» How to complete this task:
Return nothing but the lines from the one with "Hiện tại, dòng" through the one with "Photo: Under Secretary" in the data below, word for word and without pictures.

======== Data provided ========

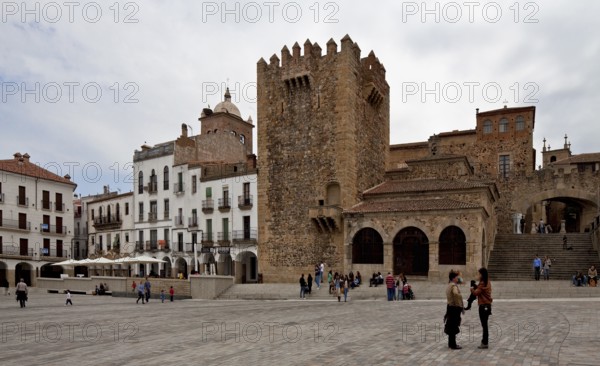 Torre del Bujaco in the centre and Arco de la Estrella on the far right 1723 designed by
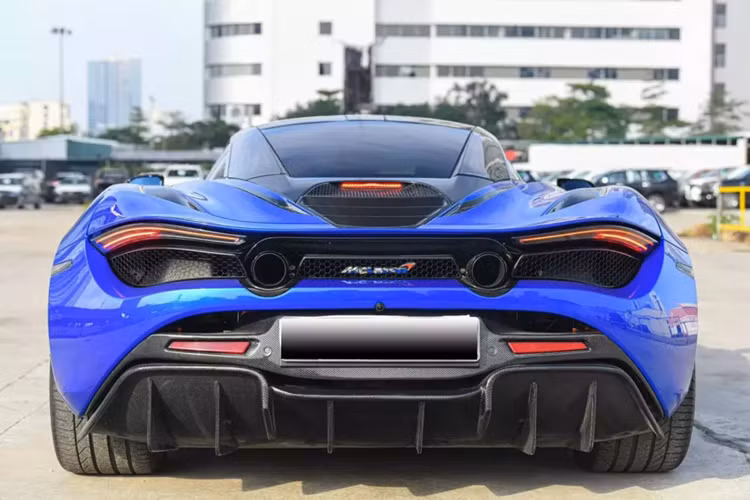 Hiện tại, dòng siêu xe McLaren 720S đã bị khai tử và McLaren 750S sẽ kế nhiệm đó, trong đó, có ít nhất 1 đại gia Việt đã khoe sắm McLaren 750S bản mui trần.
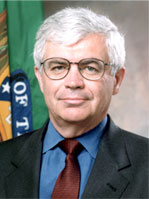 Photo: Under Secretary Taylor to Discuss Haiti Donors Conference at Foreign Press Center Today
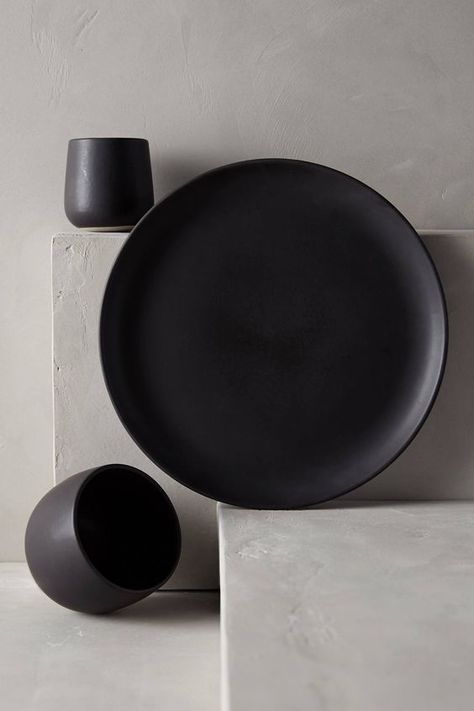 Spring is officially here today but I am feeling a little black! Matte black objects are drawing my attention lately. A couple of months ago I got two matte black bowls in Ikea and, every time I us… Iron Pan, Cast Iron Pan, Cast Iron, It Cast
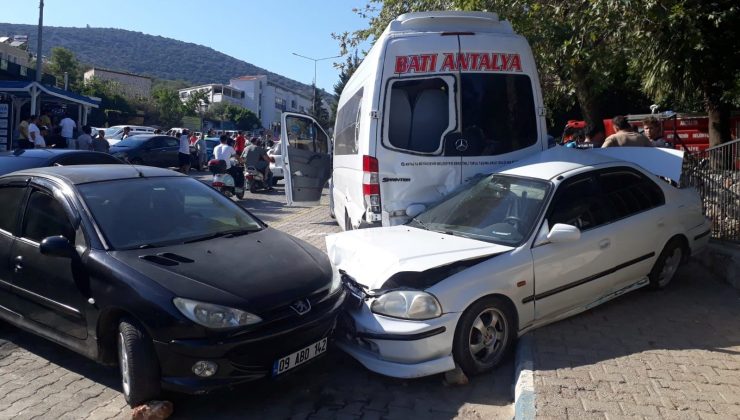 Antalya’da freni arızalanan minibüs park halindeki 8 araca çarptı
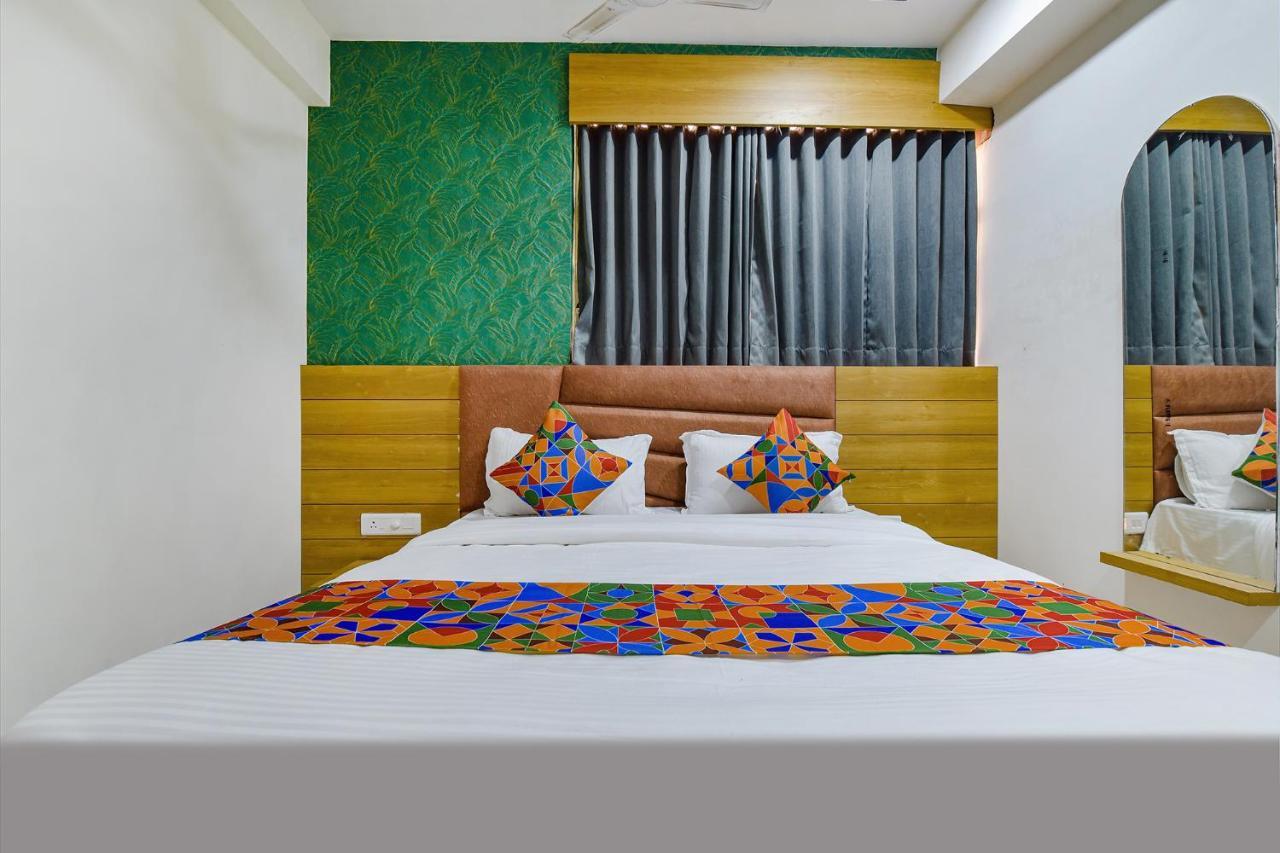 Fabhotel Tree 3*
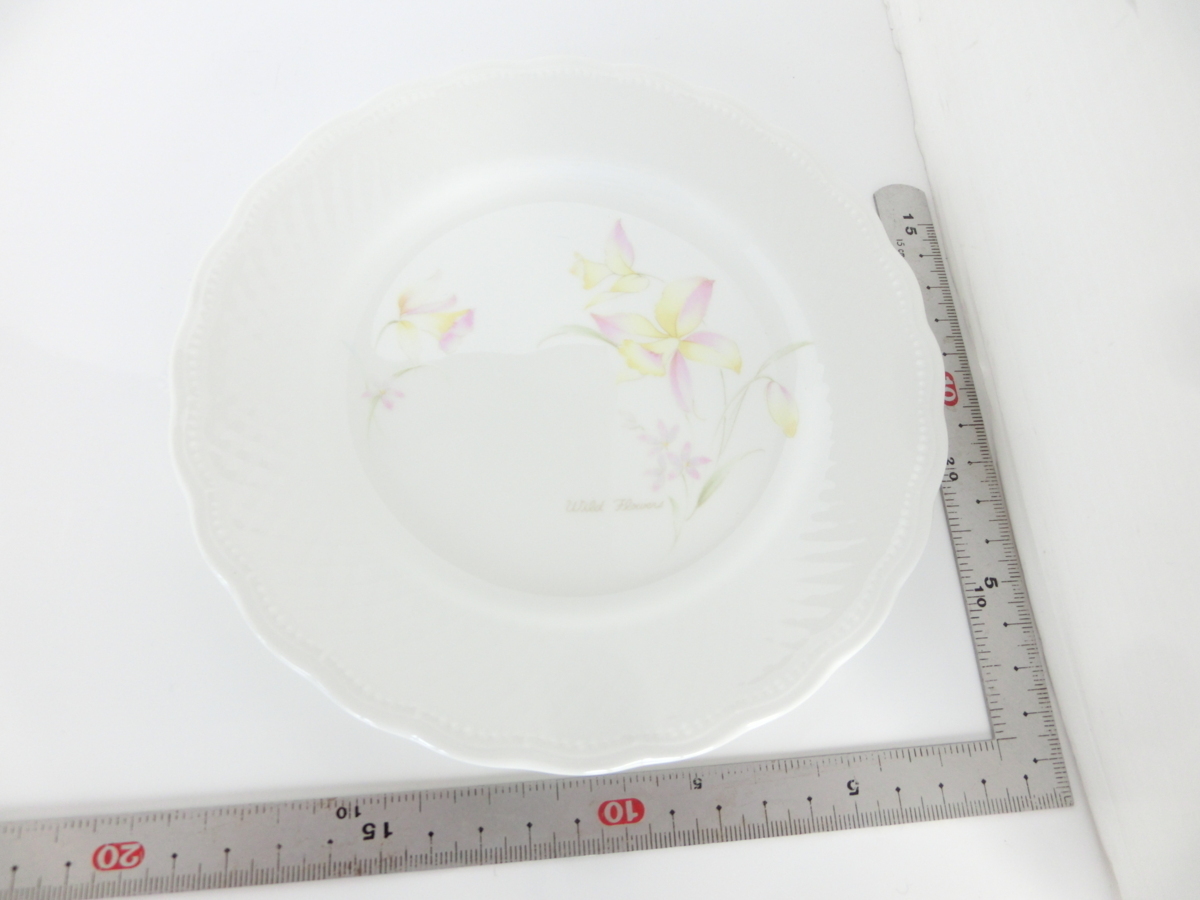 ●Creamy white NT JAPAN 花柄 柄違い 5枚 17.5cm　パン皿 白磁に色絵 陶器製 取り皿 小皿 昭和レトロ_画像2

========

» Solved exercise:
 Hiện tại, dòng siêu xe McLaren 720S đã bị khai tử và McLaren 750S sẽ kế nhiệm đó, trong đó, có ít nhất 1 đại gia Việt đã khoe sắm McLaren 750S bản mui trần.
 Photo: Under Secretary Taylor to Discuss Haiti Donors Conference at Foreign Press Center Today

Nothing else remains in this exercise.